Eleven years of working side by side did nothing to diminish the animosity between the two men, which they feel just as acutely now, a decade after they both left the White House. Mesnier, now seventy years old, was hired by the Carters; Scheib, ten years his junior, was hired by the Clintons. They disliked each other so much that they often refused to discuss the dishes they were preparing. Scheib would simply hand Mesnier the weekly menus so that Mesnier could plan accompanying desserts. Scheib admits that he’s less gregarious than Mesnier and runs his kitchen more like a military commander. (“If I wanted friends,” he says, “I’d go volunteer at a youth group.”) Mesnier, who presents his creations with gusto, is an artistic Frenchman who gave all of his colleagues a cake of their choosing each Christmas, making dozens and dozens of fruit cakes, stollen, and pound cakes each year. (“The staff were not just other workers for me,” he says, “they were my family.”)

Scheib scorns Mesnier for his books and television appearances, which he sees as spotlight-hugging. “He has made himself bigger than the families, and this is unfortunate.” Mesnier claims that the comparatively trim Scheib (who looks more like a business executive than a chef) was hired because he’s attractive and articulate, a good spokesman for Hillary Clinton’s campaign to promote healthy American cuisine. “Walter and I, we did not get along because I knew he couldn’t cook,” he says dismissively.

“The ushers would joke that if Roland and I were spotted having a beer somewhere everyone should fall down on their knees and pray because the apocalypse is clearly upon us,” says Scheib.

Mesnier did show great affection for Scheib’s predecessor, French Chef Pierre Chambrin, but the Clintons fired Chambrin after he refused to exchange his heavy French menu for a healthier one featuring American cuisine. Hillary Clinton wanted to promote healthy American food, especially as she embarked on her effort to revamp health care. But Chambrin said the real reason he was let go was about appearances, not cuisine. “I am French, I am fat, and my English is terrible. I didn’t fit the profile they wanted to show to the American people.”

For the Clintons, Chambrin told me, “food was fuel” and nothing more. “From the beginning, I knew I was doomed with the Clintons. I did what they wanted. I even tried to please them with no butter, no fat, make the menu without French words. But how do you say sauté without using the word sauté, for instance?”

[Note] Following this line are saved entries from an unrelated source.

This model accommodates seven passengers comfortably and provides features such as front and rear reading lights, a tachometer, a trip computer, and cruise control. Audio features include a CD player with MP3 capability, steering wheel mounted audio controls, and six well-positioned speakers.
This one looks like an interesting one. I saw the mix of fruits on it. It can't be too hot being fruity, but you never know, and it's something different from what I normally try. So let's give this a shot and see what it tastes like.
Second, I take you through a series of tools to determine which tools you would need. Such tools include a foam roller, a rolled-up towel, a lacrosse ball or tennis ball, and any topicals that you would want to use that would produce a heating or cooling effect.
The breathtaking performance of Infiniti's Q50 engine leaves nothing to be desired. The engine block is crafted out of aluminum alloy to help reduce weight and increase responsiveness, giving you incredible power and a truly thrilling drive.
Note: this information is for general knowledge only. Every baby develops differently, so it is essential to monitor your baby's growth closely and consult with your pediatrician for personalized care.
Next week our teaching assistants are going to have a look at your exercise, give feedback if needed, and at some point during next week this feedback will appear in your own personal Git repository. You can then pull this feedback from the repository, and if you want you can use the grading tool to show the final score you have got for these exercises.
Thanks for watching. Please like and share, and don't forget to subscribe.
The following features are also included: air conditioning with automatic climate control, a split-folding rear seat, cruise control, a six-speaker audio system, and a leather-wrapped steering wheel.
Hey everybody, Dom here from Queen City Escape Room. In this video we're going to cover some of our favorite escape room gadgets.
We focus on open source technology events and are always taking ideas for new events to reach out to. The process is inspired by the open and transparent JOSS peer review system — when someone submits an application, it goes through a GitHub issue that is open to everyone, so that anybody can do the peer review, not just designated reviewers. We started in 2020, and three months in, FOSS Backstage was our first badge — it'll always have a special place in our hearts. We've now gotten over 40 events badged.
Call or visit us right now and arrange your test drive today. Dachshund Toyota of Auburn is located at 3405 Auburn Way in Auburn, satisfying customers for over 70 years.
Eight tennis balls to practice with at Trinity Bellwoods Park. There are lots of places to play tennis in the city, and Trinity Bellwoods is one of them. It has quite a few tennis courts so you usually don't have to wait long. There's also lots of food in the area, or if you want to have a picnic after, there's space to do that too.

Chambrin hated the Clintons’ casual relationship with food. Unlike the Bushes, the Clintons wanted to eat in the kitchen. “When we changed from the Bushes to the Clintons, we went from the rich to the grits.”

When Scheib was hired as Chambrin’s replacement, the cramped Ground Floor kitchen became an incredibly uncomfortable place to work. Chef John Moeller started working at the White House soon after Mesnier got his own small pastry kitchen and says without a hint of humor, “If he had stayed in that main kitchen and worked with us side by side, there might have been blood.”